Le réemploi participe à la bonne gestion indispensable de nos ressources et de nos consommations. 
Cette démarche est également encouragée par la RE2020 qui lui attribue une nullité carbone.
Si le réemploi est aujourd’hui encouragé, il deviendra incontournable dans les années à venir.
Aussi, nous devons l’accompagner au mieux afin que cette filière s’organise et se pérennise.
La SMABTP s’est engagée dans cette démarche pour aider ses sociétaires dans cette évolution nécessaire mais également pour aider au développement des outils en participant aux groupes de travail des organismes publics et professionnels.
Concepteurs comme entreprises disposent maintenant de plusieurs outils destinés à leur faciliter la démarche.
Plusieurs fiches et guides de réemploi sont ainsi en cours de diffusion, documents issus de plusieurs groupes de travail tels que SPIROU (Sécuriser les pratiques innovantes de réemploi via une offre unifiée), FBE (Fondation Bâtiment Energie) ou le projet européen FCRBE (Faciliter la circulation des éléments de construction récupérés en Europe du Nord-Ouest).

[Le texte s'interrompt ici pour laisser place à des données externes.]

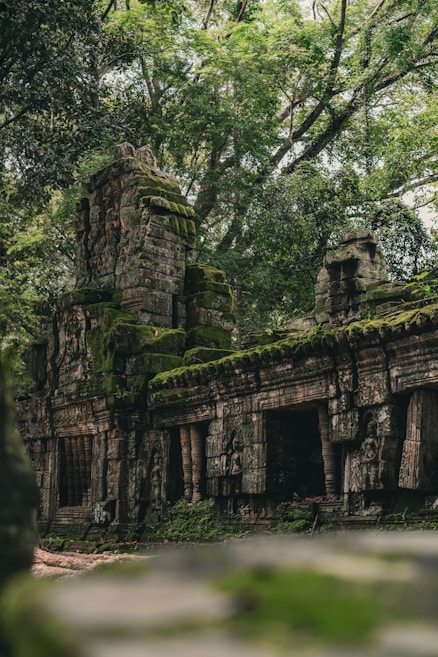 Ancient stone ruins are enveloped in dense, green foliage. Moss and vines partially cover the weathered stone structures, adorned with intricate carvings and a few statues. The scene exudes a sense of mystery and timelessness with towering trees surrounding the area.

La traçabilité et la qualification des produits concernés, la présence d’équipes formées et expérimentées, constituent des points forts au bon développement de cette activité et à leur assurabilité.
Le réemploi reste aujourd’hui majoritairement en Technique Non Courante même si une évolution commence à se faire vers la technique courante.
Il est donc nécessaire que les maîtres d'ouvrage et entreprises consultent encore aujourd’hui systématiquement leurs assureurs respectifs pour les Marchés comportant du réemploi.
Les concepteurs devront les y inciter afin d’obtenir des attestations d’assurance spécifiques dédiées au réemploi pour les projets concernés.